- [What needs to be done]: Starting at the line below with "BEAMS GOLF（ビームス ゴルフ）ORANGE" and stopping at the line with "Loutoc Universal TV Remote for Roku TV", please print each line exactly, those two included, and skip every picture.

- [Task inputs]:
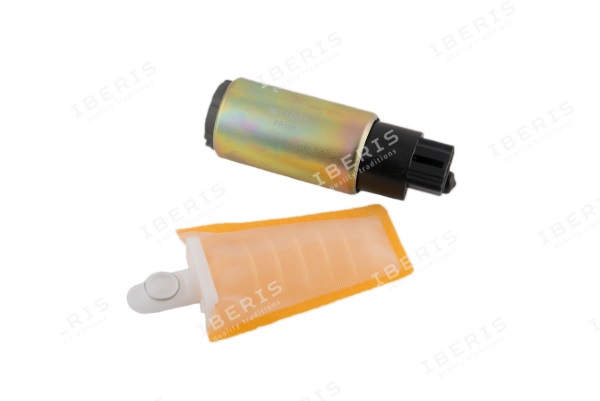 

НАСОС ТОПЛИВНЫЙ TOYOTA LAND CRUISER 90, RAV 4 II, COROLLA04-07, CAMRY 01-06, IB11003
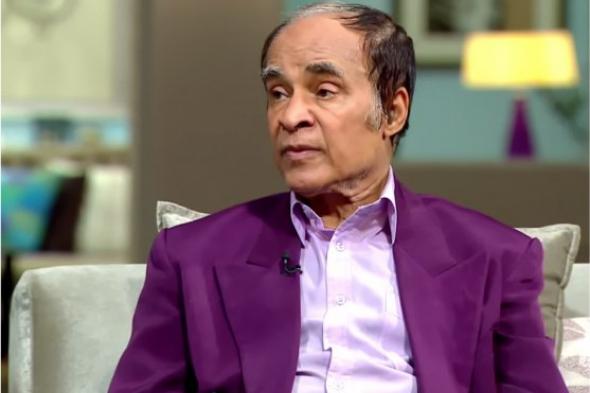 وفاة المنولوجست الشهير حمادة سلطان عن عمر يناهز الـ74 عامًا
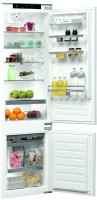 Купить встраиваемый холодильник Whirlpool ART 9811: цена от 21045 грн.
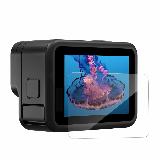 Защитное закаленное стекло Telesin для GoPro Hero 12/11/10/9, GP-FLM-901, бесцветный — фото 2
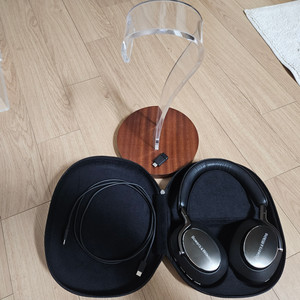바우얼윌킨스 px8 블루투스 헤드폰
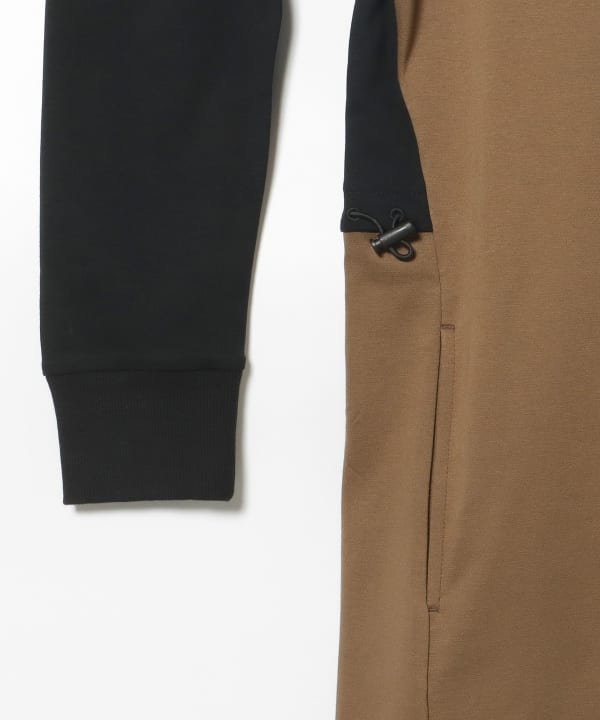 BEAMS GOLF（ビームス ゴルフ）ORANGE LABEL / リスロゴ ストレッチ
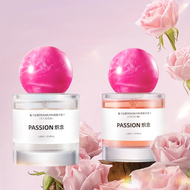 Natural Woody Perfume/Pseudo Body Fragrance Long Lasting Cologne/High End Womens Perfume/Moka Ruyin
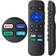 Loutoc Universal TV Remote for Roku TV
---
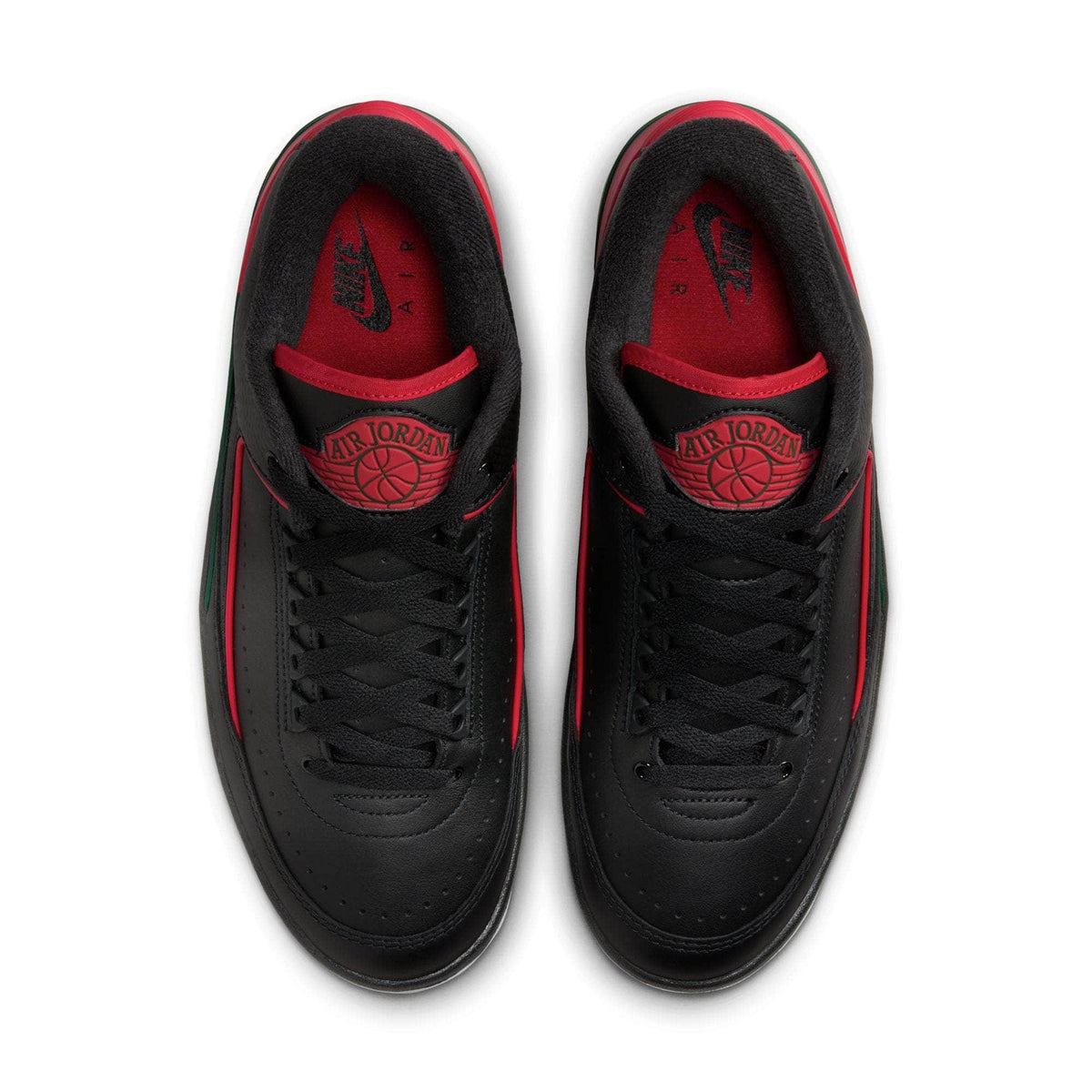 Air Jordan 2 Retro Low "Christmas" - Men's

- [Answer to this task]:
 BEAMS GOLF（ビームス ゴルフ）ORANGE LABEL / リスロゴ ストレッチ
 Natural Woody Perfume/Pseudo Body Fragrance Long Lasting Cologne/High End Womens Perfume/Moka Ruyin
 Loutoc Universal TV Remote for Roku TV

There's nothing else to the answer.